The award brings fortune (or what passes for it in the children's book world) as well as fame. Although the award itself does not include a monetary payment, it can double the sales of the book, as well as increase sales of the author's other books. It will also keep the book alive. The average shelf life (time in print) of a children's book today is eighteen months. But of the seventy-seven Newbery medal books, seventy-two are still in print today, including the second recipient, The Voyages of Doctor Dolittle, published in 1922.What do you think?
The Newbery winner is selected by a committee of fifteen members of the Association for Library Service to Children. Competition to get onto the committee is fierce. Seven members and the committee chair are elected from a ballot of twice that many candidates, and the President of the Association appoints the remaining seven, with an eye to achieving ethnic, gender, professional and geographic balance. Although the ALSC is itself a division of the American Library Association, membership is not restricted to librarians. Parents, authors, booksellers and publishers are members and have participated on the awards committees, barring conflict of interest.
E.L. Konigsburg, Joseph Krumgold, Lois Lowry, Katherine Paterson, and Elizabeth George Speare have all received the medal twice.
What does it take for a book to win? The official criteria state that it must have "conspicuous excellence" and be "individually distinct." It must be age appropriate as well. A good book for a fourth grader dealing with, say, racial prejudice, will be very different in style and presentation from a book on the same subject intended for eighth graders. The majority of winners have been novels, but other genres have been represented as well.
The award criteria declare that the award "is not for didactic intent." But to receive a Newbery, it helps to have a serious theme.

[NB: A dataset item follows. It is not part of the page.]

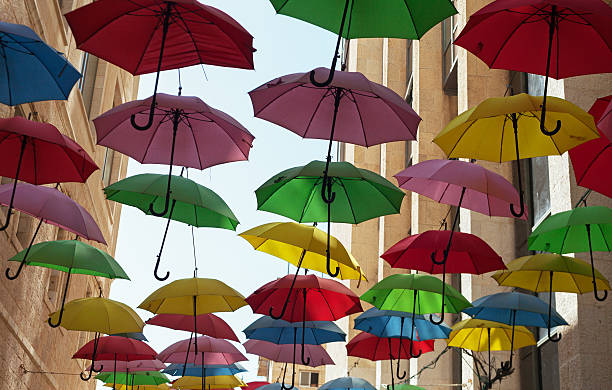 istock Multicolored umbrellas on the street. 626002210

Death, loss, injustice, and hard decisions have figured in winners throughout the history of the awards. There have been lighter books, including a recent winner, The Whipping Boy, a romp in which an appropriately nicknamed Prince Brat, accompanied by his whipping boy, discovers what life is like outside the castle. But, although it is difficult to generalize among so many books, it seems that many of the more recent winners display a decidedly more serious tone than the majority of the earlier books.

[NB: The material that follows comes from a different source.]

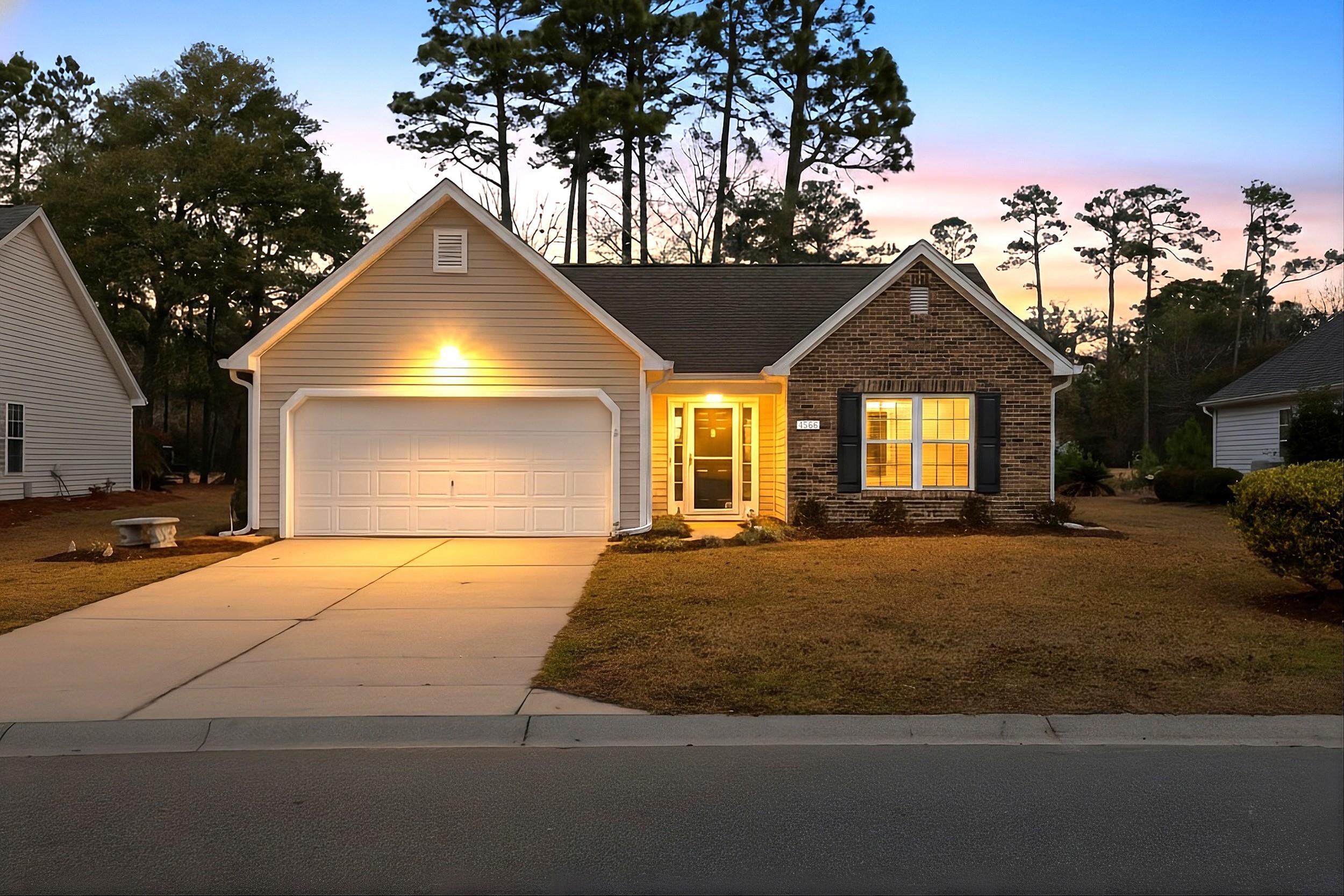 View of front of home featuring concrete driveway, a garage, and a front yard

The award criteria also state that the award is not for popularity, and Ellen Fader acknowledges that a well-written book could be a serious contender for the award even if it didn't have a lot of "child appeal."....Which raises the question of the role of children in the Newbery awards, and in the world of children's books generally. Children's books are an anomaly -- they are for children, but they are written by adults, purchased (generally) by adults, and judged by adults.
Between this article and Flusi's recent post, I'm picking up The Whipping Boy soon!